# [Task description]
Word for word, retype the first line of the records and every following line through the one containing "Children depict a".

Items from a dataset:
.....

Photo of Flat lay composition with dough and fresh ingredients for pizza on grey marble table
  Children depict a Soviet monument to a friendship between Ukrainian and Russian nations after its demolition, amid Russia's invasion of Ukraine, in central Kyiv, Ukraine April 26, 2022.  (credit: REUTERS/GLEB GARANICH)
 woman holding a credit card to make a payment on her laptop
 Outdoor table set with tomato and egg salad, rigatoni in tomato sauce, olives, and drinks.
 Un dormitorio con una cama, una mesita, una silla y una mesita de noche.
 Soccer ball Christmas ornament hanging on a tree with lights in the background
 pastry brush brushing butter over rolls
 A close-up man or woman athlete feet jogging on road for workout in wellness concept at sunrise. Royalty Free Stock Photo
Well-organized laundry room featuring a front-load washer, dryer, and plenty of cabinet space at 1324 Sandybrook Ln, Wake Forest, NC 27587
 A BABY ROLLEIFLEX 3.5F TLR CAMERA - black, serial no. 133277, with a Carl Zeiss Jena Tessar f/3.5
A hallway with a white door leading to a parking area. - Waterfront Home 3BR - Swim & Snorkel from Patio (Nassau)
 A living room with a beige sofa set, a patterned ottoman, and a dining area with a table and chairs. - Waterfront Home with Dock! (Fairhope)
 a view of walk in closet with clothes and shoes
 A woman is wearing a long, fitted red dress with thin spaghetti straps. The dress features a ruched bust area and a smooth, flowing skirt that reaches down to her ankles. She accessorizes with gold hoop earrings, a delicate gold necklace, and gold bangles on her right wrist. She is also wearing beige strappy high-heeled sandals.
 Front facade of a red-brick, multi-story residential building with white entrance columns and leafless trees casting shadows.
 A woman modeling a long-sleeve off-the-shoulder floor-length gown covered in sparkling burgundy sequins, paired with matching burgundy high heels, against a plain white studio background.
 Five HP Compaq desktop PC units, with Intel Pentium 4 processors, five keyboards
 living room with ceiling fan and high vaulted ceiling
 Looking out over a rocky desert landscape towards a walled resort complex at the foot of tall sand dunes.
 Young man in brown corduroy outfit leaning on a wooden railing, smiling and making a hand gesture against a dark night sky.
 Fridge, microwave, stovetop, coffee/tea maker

.....

# [Written solution]
Photo of Flat lay composition with dough and fresh ingredients for pizza on grey marble table
  Children depict a Soviet monument to a friendship between Ukrainian and Russian nations after its demolition, amid Russia's invasion of Ukraine, in central Kyiv, Ukraine April 26, 2022.  (credit: REUTERS/GLEB GARANICH)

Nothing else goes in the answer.